→ Your instructions: Whenever a picture appears in the data, skip it and write out all other material exactly.

*** Opening Data block ***

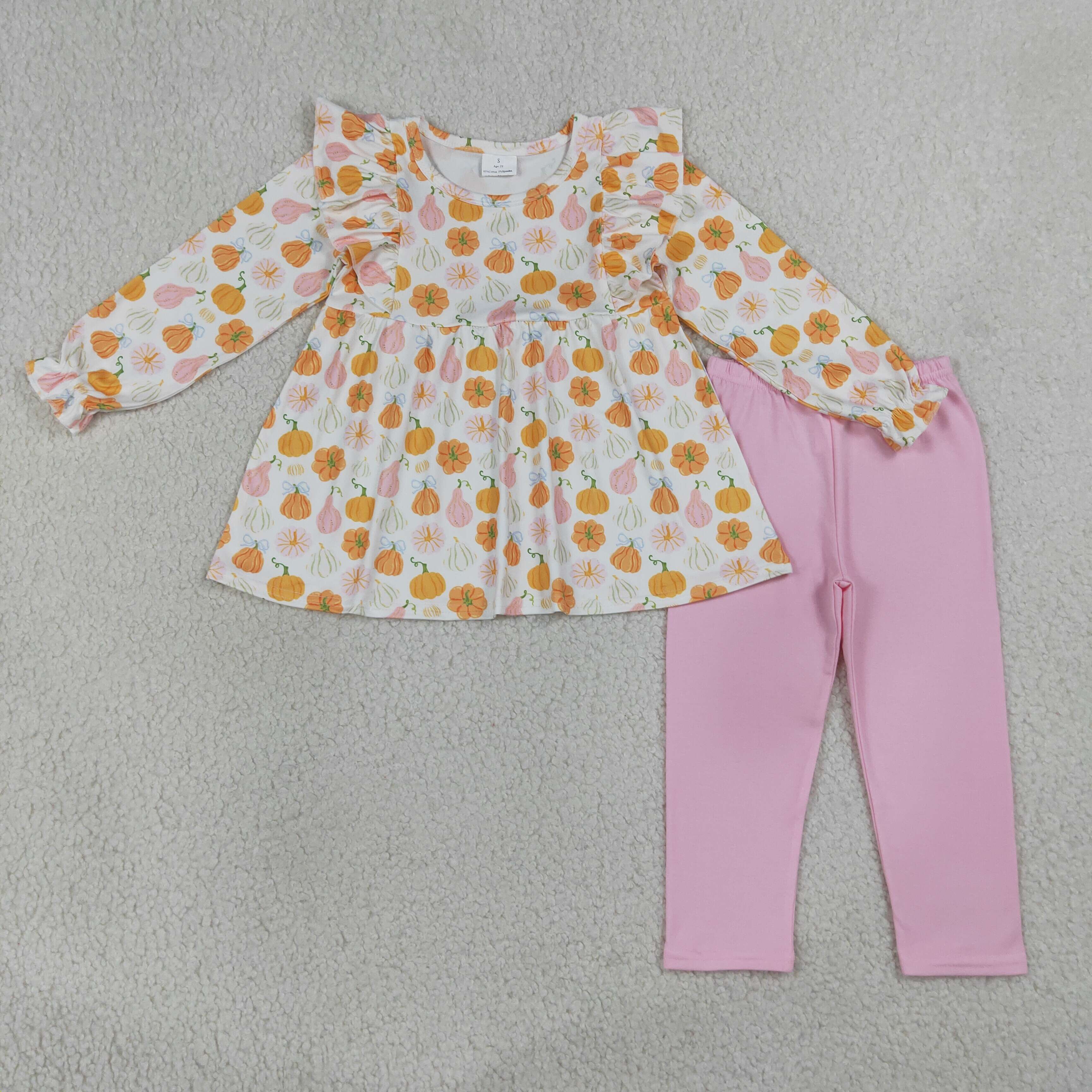 GLP3408  orange pumpkin Pink bows Print long  sleeve girl fall outfits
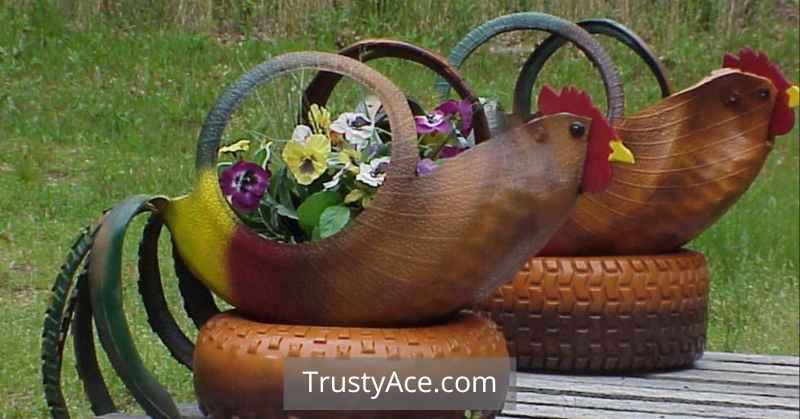 Tire Chicken Planters Ideas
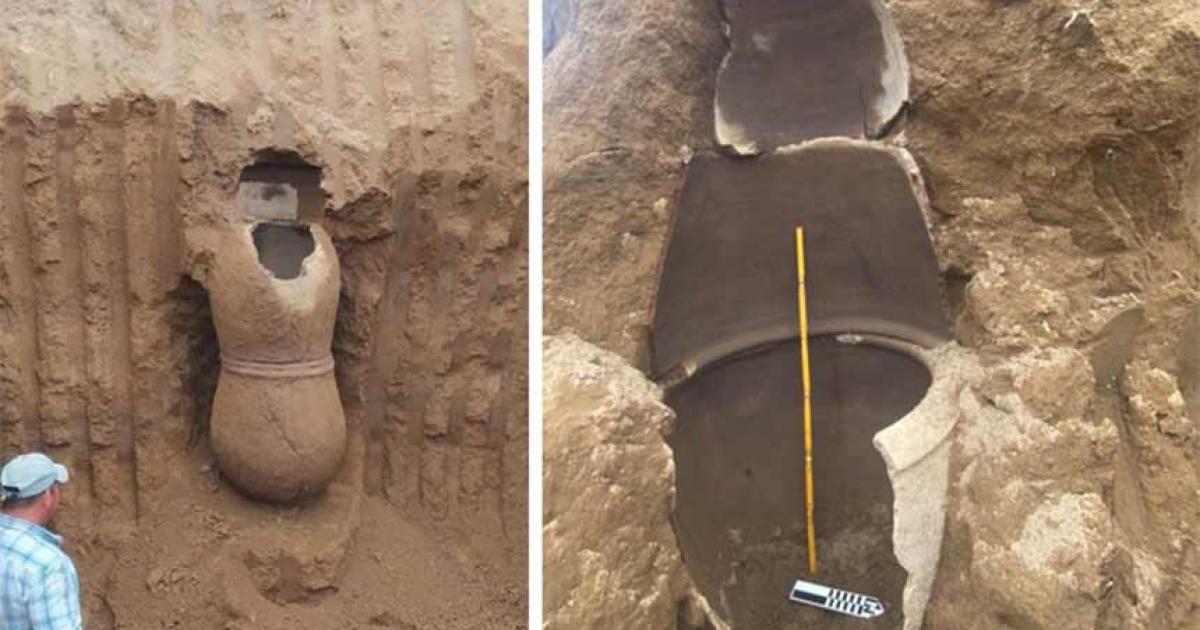 Large ceramic funerary urns discovered within a mound found in the Los Ríos province of Ecuador. Source: Instituto Nacional de Patrimonio Cultural/YGV Prensa Digital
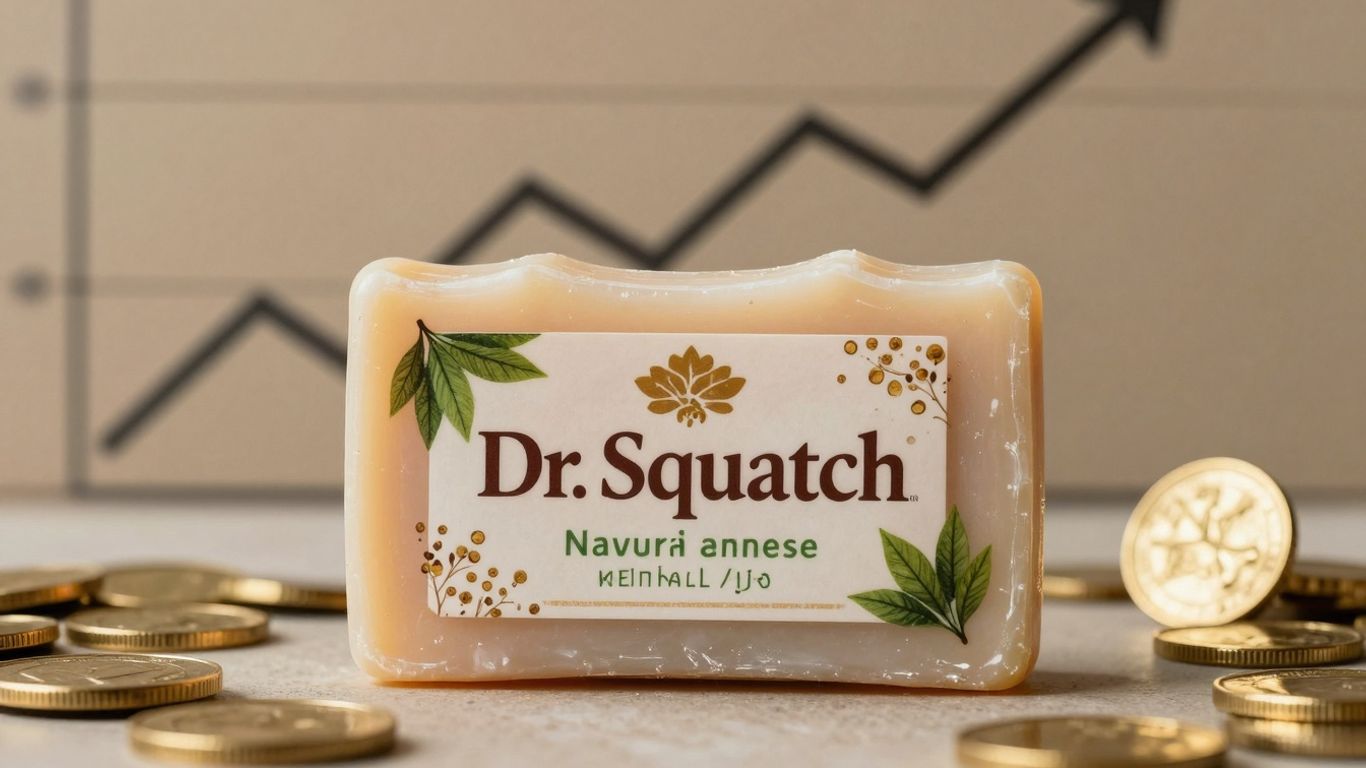 Dr. Squatch soap bar with a backdrop of success.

*** Closing Data block ***

→ Reply to the task:
 GLP3408  orange pumpkin Pink bows Print long  sleeve girl fall outfits
 Tire Chicken Planters Ideas
 Large ceramic funerary urns discovered within a mound found in the Los Ríos province of Ecuador. Source: Instituto Nacional de Patrimonio Cultural/YGV Prensa Digital
 Dr. Squatch soap bar with a backdrop of success.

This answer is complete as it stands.